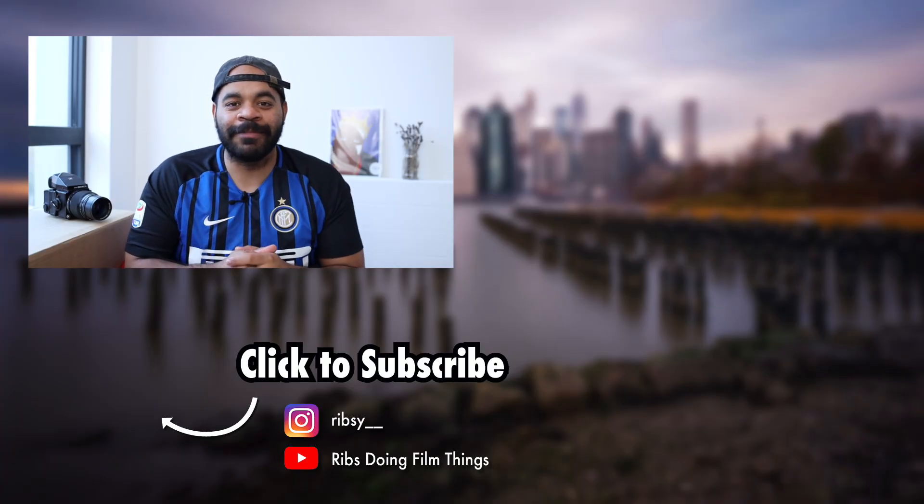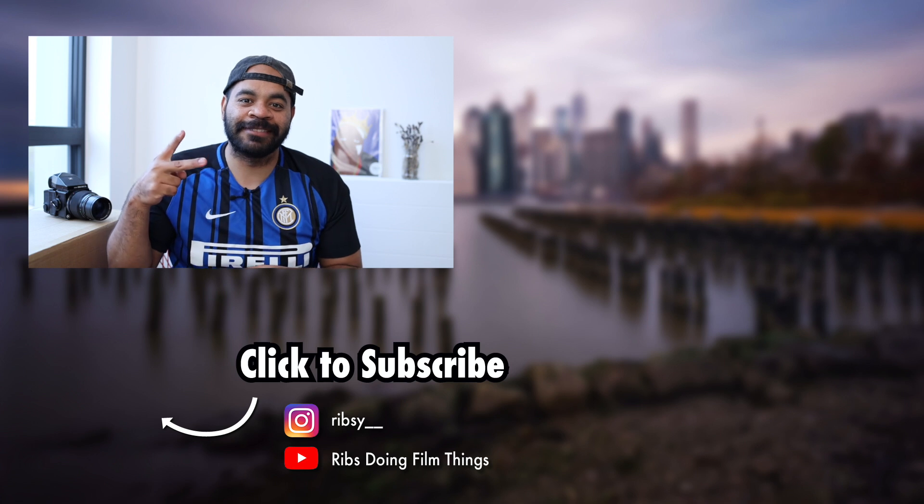I don't really hear too much chatter about this film, so let me know in the comments what you think. Have you used this film before? Do you think developing in C41 is actually that useful or advantageous? Hit me up in the comments. That's what I got for this week — I hope you enjoyed the video. Please go ahead and leave a like and don't forget to subscribe. Peace.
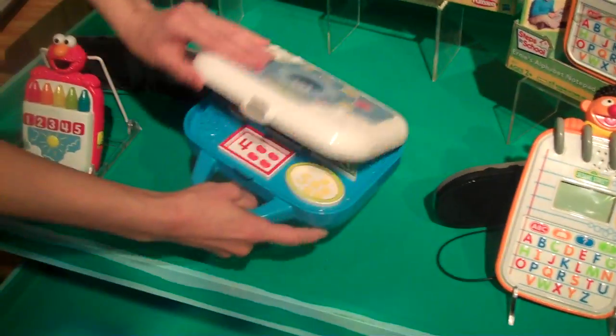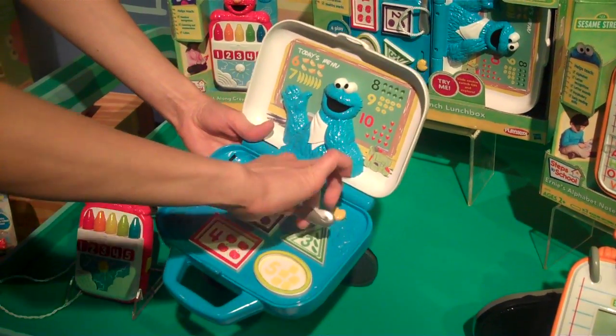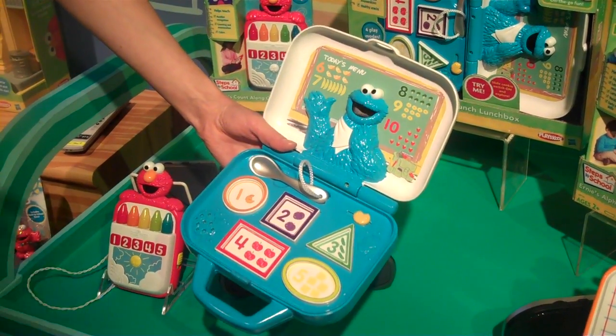The lunchbox — very cute, the Learning Crunch Lunchbox. It has four modes of play. In explore mode, you pick whichever item and it will teach you the shape, the color, the number, as well as whatever snack it's representing.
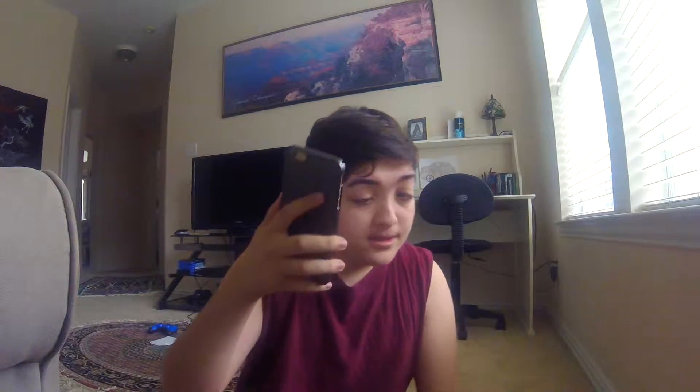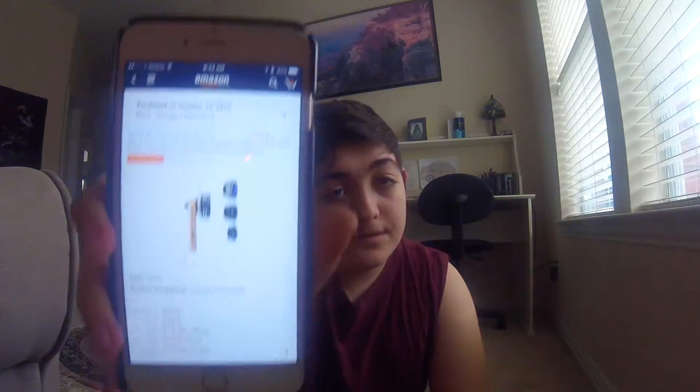This was pretty cheap — I think I bought it for like $20 off of Amazon. I'll probably put the link down in the description below if I remember. I bought this on October 21st. The MPOW 3-in-1 is currently on sale for $13.99. I got it for $20. Regular price is $40, so now it's $13.99 — you save $26, 65% off.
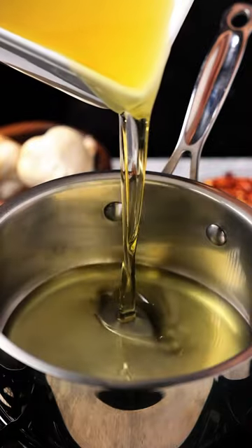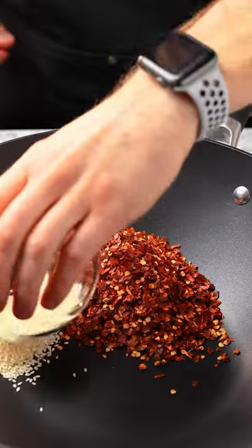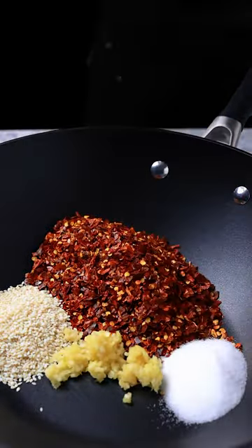I'm going to heat up some oil to 250 degrees. Add in the red chili flakes, sesame seeds, some fresh minced garlic, and some salt. Add in that hot oil.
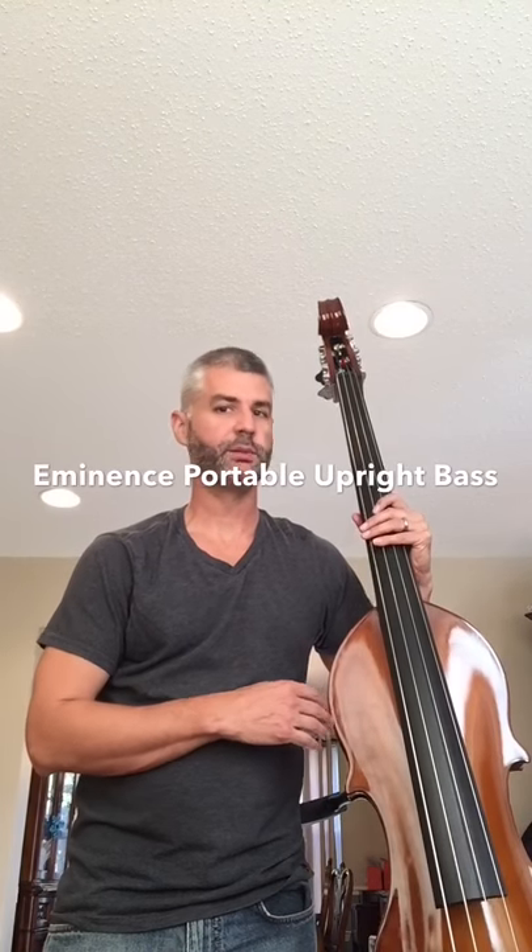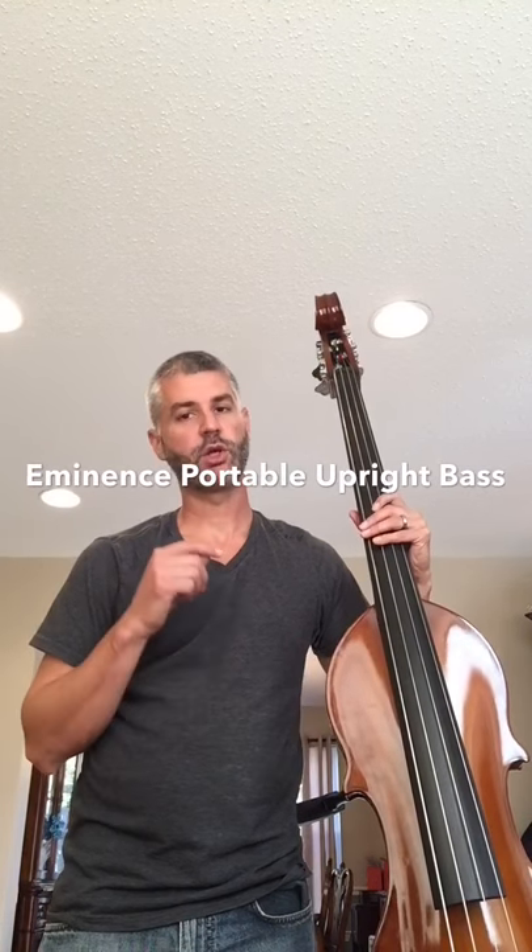Hey everybody, I'm Jay Sweet from Sweet Music Academy. Today I'm going to be showing you the Eminence Portable Upright Bass. I am very excited about this instrument.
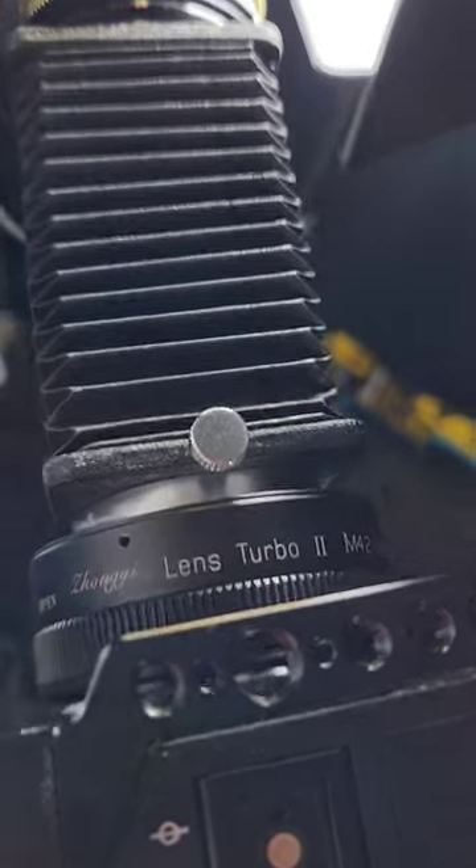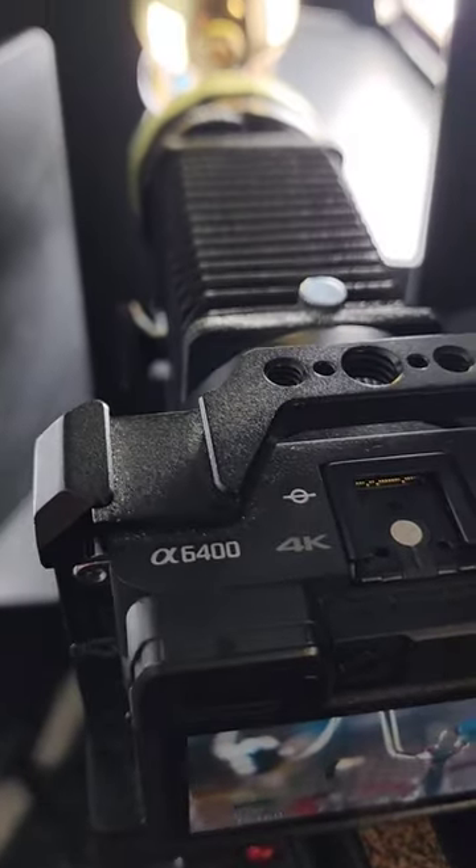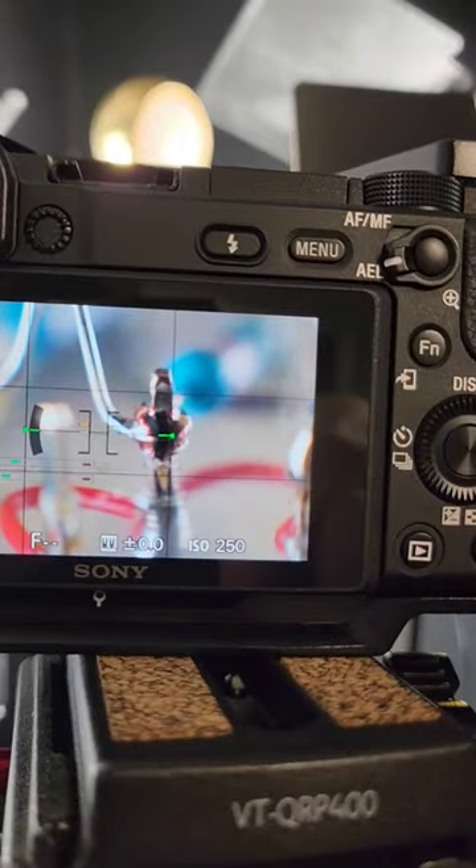That gets converted from full frame down to the Sony format using a Zhongyi lens turbo booster. That essentially converts it from full frame down to the Sony size, and that goes into my Sony A6400 so that I can get some good macro shots.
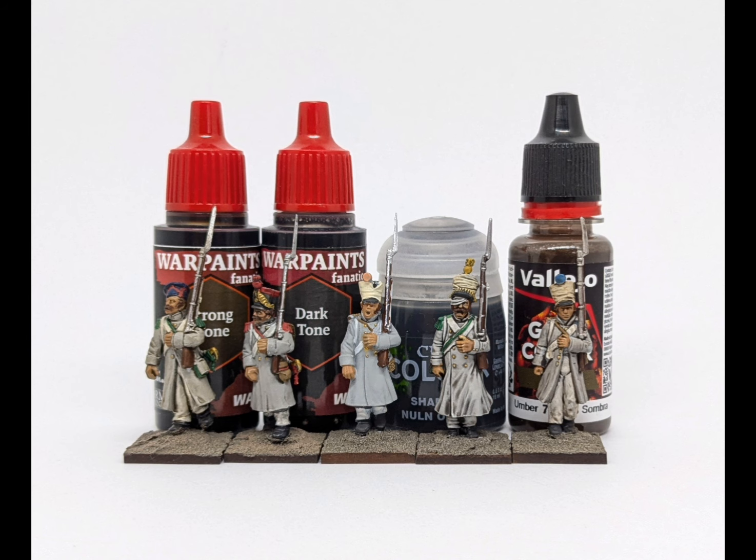A final note on price: Army Painter washes are around 16 pence per milliliter, Vallejo Game Colour around 14-15 pence per milliliter, and Games Workshop around 25-26 pence per milliliter. GW washes are considerably more expensive and I don't necessarily think the results are any better than the alternatives. I'm going to leave it there — thanks for listening. There are plenty of good options out there, but I think I'm going to be sticking with Army Painter for the foreseeable. If you've got any comments, please leave them below. Thank you very much. Bye bye.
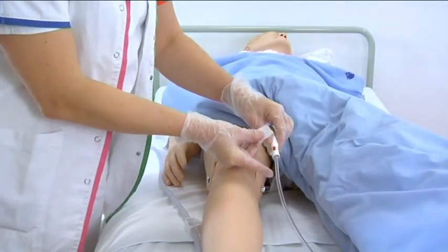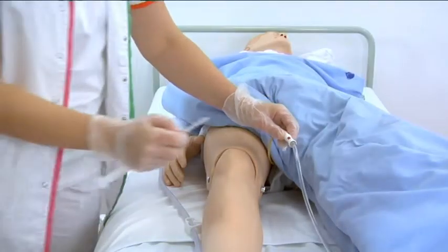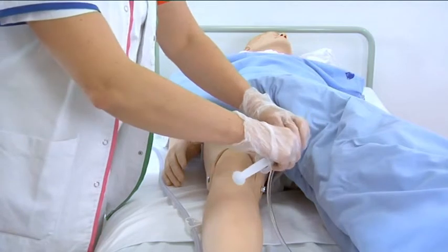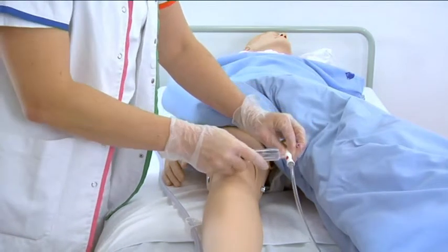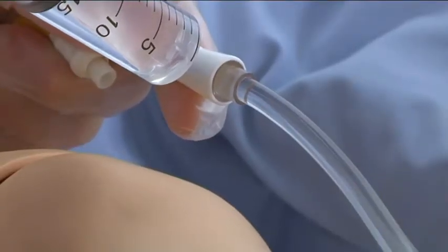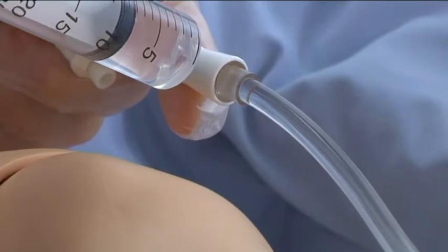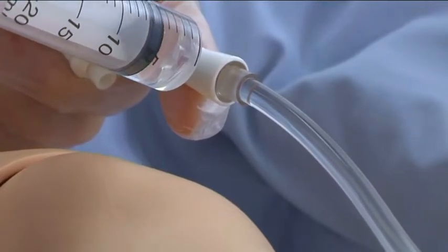Follow the local procedures to clean the sample port nearest to the Foley catheter. Prime the system with 20 milliliters of sterile water. This is only needed once.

——

▶ TASK DETAILS: Would you output only the span of the records above that opens with the line containing "I'm going to heat" and closes with the line containing "Hey everybody, I'm", ends included and pictures dropped?

▶ RESPONSE BELOW:
I'm going to heat up some oil to 250 degrees. Add in the red chili flakes, sesame seeds, some fresh minced garlic, and some salt. Add in that hot oil.
Hey everybody, I'm Jay Sweet from Sweet Music Academy. Today I'm going to be showing you the Eminence Portable Upright Bass. I am very excited about this instrument.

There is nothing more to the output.